Employee engagement is a compelling proposition and there have been dozens of studies which ‘prove’ to companies the benefits of highly engaged employees. Allan Schweyer of the Human Capital Institute says: "A study by global services provider Towers Watson found that high-engagement firms experienced an earnings-per-share (EPS) growth rate of 28%, compared with an 11.2% decline for low-engagement firms."

So far, so good. Any logical, right-minded executive would be foolish not to support a solid, internal engagement initiative with this kind of scientific research and clear business benefits, but many fail to implement it successfully. One of the main reasons behind this is lack of collaboration between departments. Leaving HR to handle employee engagement without effective partnership with other areas of the company means the message of ‘employee engagement’ is often lost in the delivery.

HR processes and protocols have managed to strangle many great engagement initiatives at birth…and then everyone wonders why it doesn’t work for them.

This is where collaboration with other departments becomes key. Let’s take communication. Writing words that are compelling with suitable visual imagery to match is a specialist skill that works. When it comes to engaging staff, if a message is professionally written, more employees will see it, read it and take notice of it than if it is a round-robin from the HR director reminding them about the deadline for pension contributions decisions and public holidays.

Join forces

So why not take advantage of the marketing department down the corridor when crafting employee notices? No doubt there are some in HR who are good at ‘comms’, but statistically they are few and far between. It’s not where most HR people are recruited from and it’s not where they feel most comfortable, yet there still seems to be a lingering reluctance to relinquish some control and join forces when it comes to the area of staff engagement.

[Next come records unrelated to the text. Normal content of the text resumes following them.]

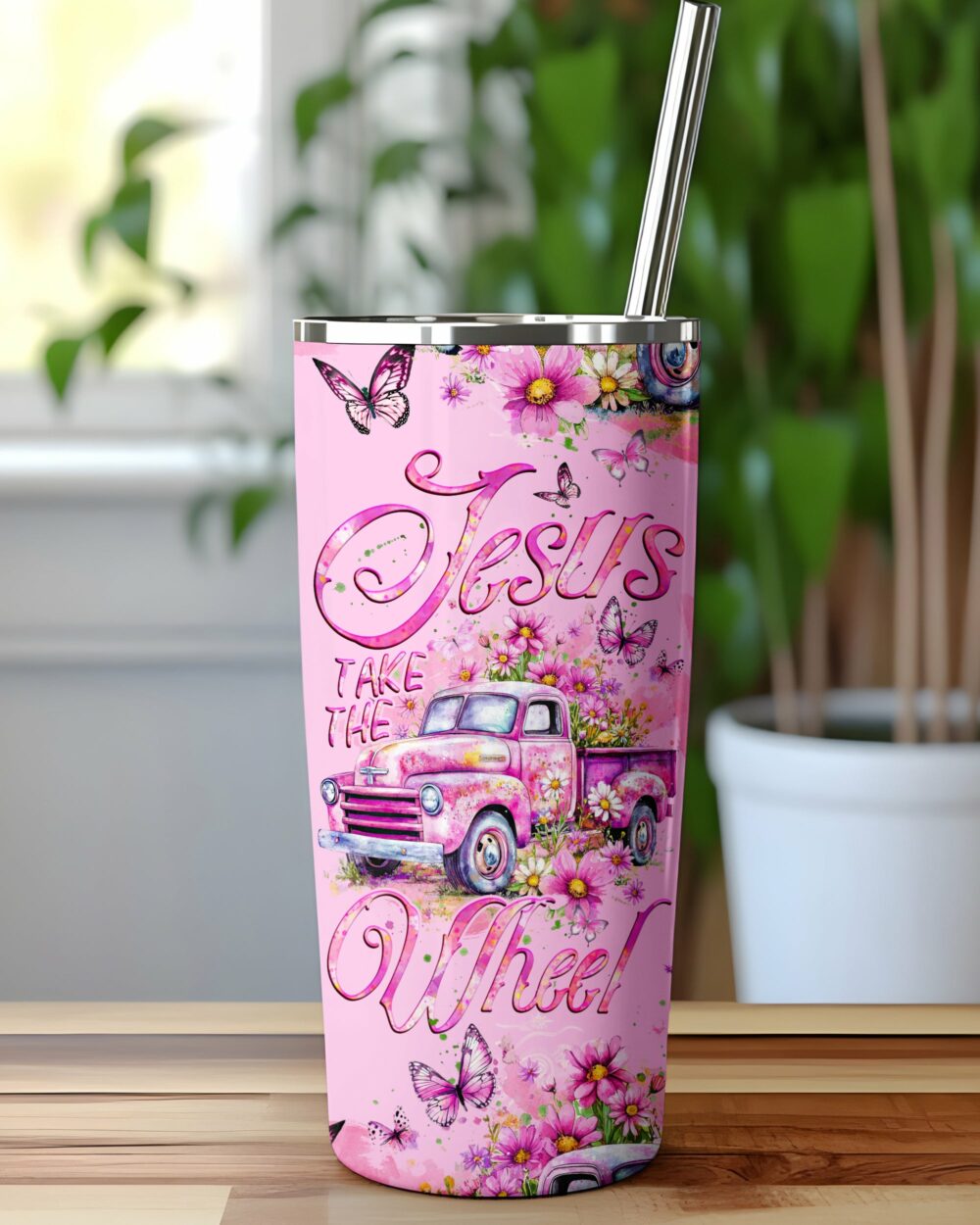 Jesus Take The Wheel Tumbler - Tyqy1604253 - Image 3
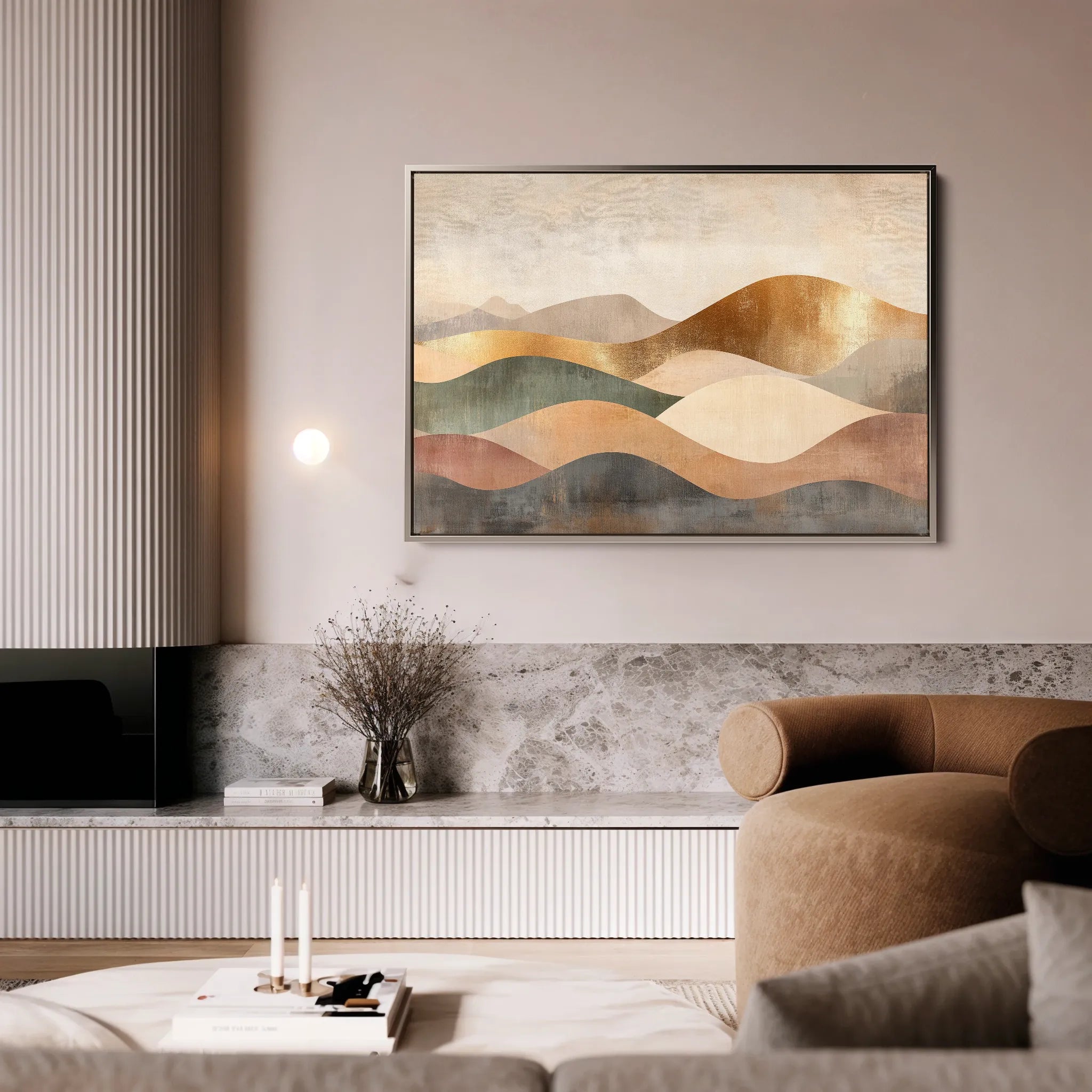 Boho 221 Canvas Art 18" x 24" / 45 x 60 cm / Black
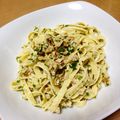 やっちゃこ's cooksnap of when they made 胡桃とレモンのクリームスパゲッティ.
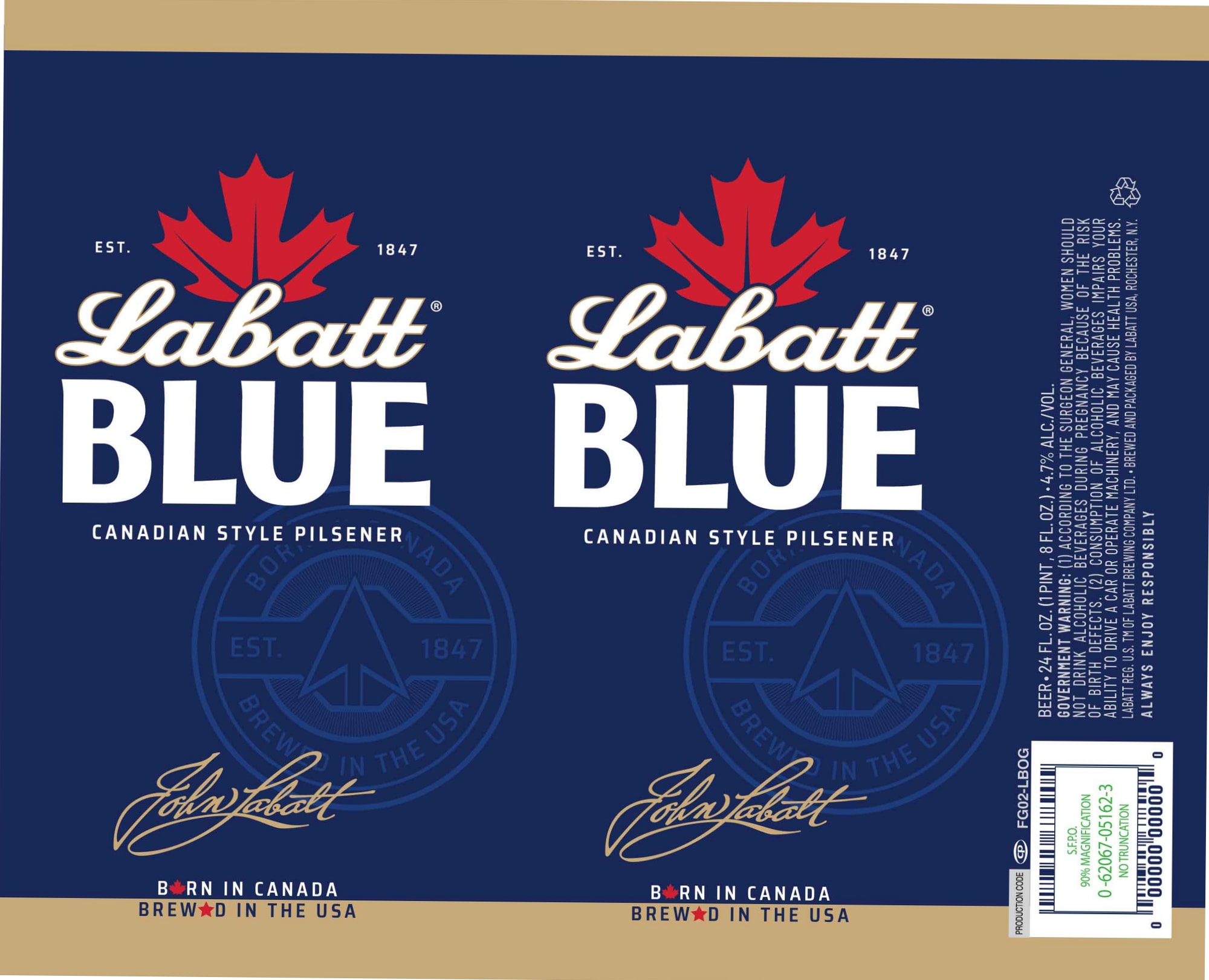 Labatt Blue by Labatt - beer label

Input from other departments may also help over-ride HR’s penny-pinching tendencies. The problem is HR people are hard-wired to cut and snip and chop, so that before you know it, all the hair on the head has gone, leaving the organisation with no choice but to wait for it to grow again. This is not good in the context of employee engagement.

The problem is one of attitude. HR departments are dominated by the need to save money. Spending resources on good communication and performance-based rewards hangs heavy and any rewards for better engagement are given with a weighty dollop of resentment.

Most external services purchased by HR are led by cost-per-employee measures which belie the strategic view that ‘we must invest in staff’. Benefits are pared down to the bone. Volume deals with suppliers are squeezed to the point of desert-like aridity that one wonders sometimes why the benefits supplier would even turn up to a meeting at all.

There are legions of conferences run by HR which are so slim in terms of presentation and content that you do begin to wonder why they bothered.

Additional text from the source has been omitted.